Exercise instructions
Transcribe every line from the one containing "Mulderadweg Zeichen_CC_BY_SA (c)" to the end of the listing, exactly as written, and leave out the pictures.

Extracted data

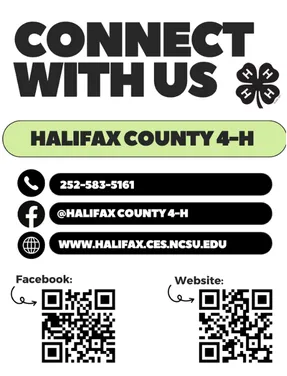 Halifax County 4-H contact information graphic featuring the 4-H clover logo, phone number (252-583-5161), Facebook handle (@Halifax County 4-H), website, and QR codes linking to the county's Facebook page and Cooperative Extension website.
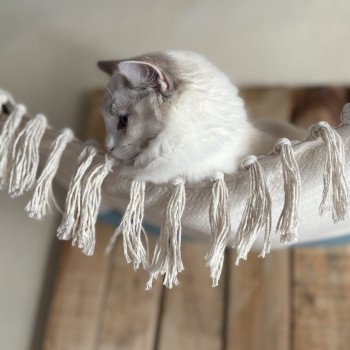 chat Ragdoll blue bicolor VOLANNA Chatterie Le Temple des étoiles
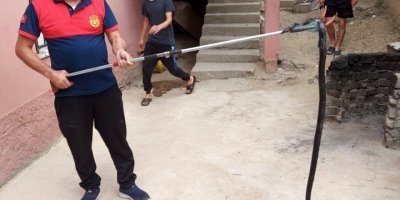 Osmaniye’de eve giren yılanı itfaiye yakaladı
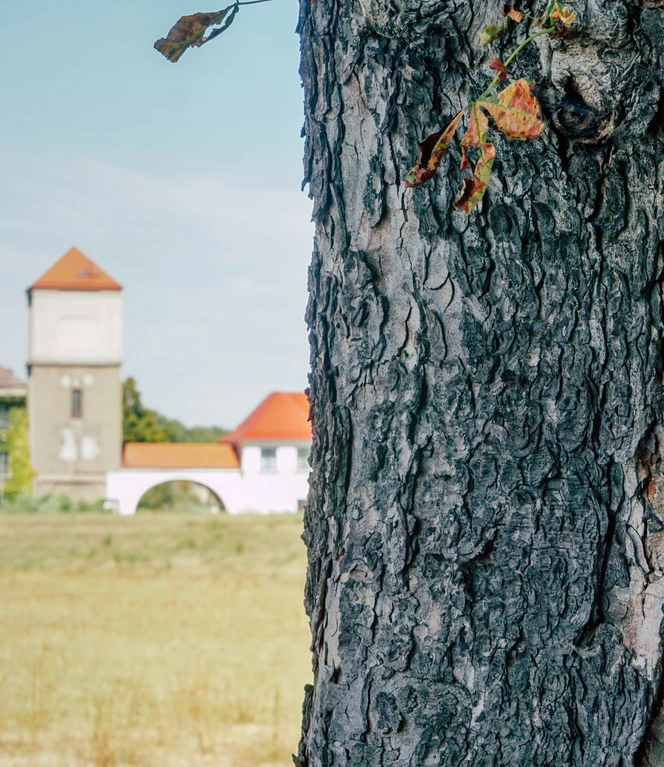 Mulderadweg Zeichen_CC_BY_SA (c) Radelmaedchen_Juliane_Schumacher.jpg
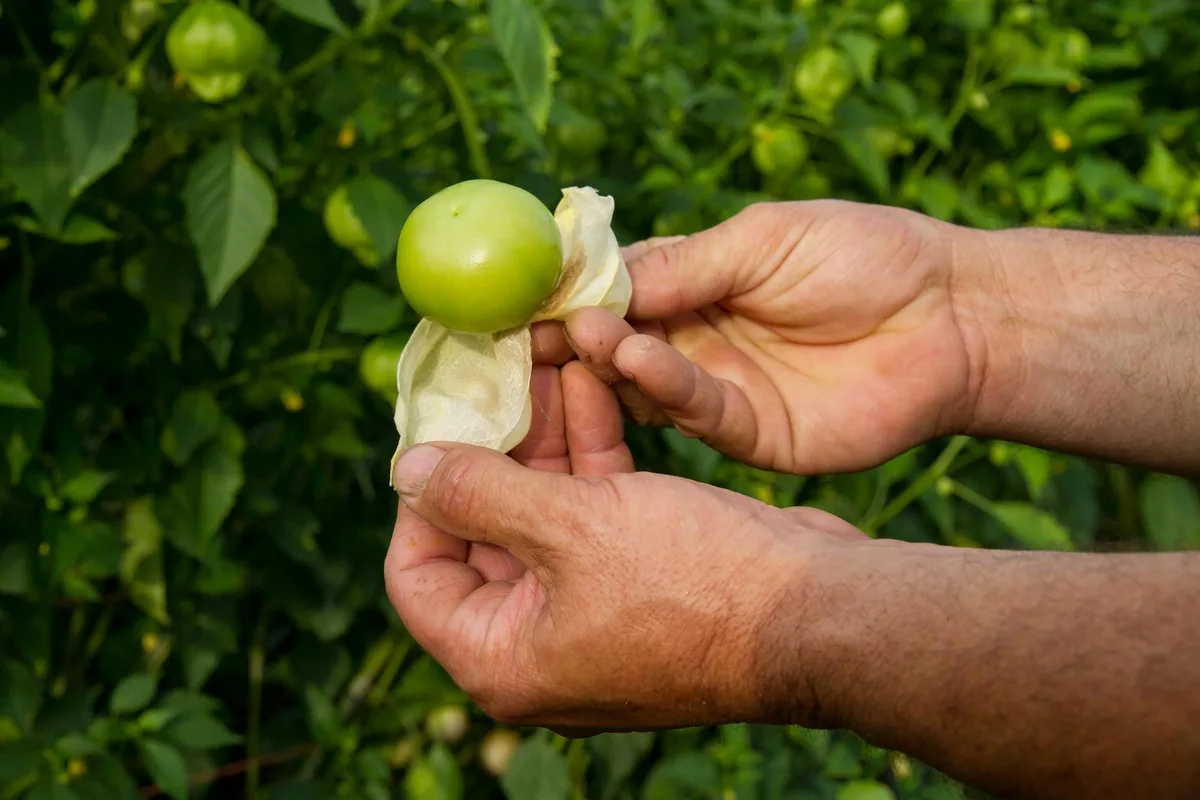 How To Use Tomatillos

Written response
 Mulderadweg Zeichen_CC_BY_SA (c) Radelmaedchen_Juliane_Schumacher.jpg
 How To Use Tomatillos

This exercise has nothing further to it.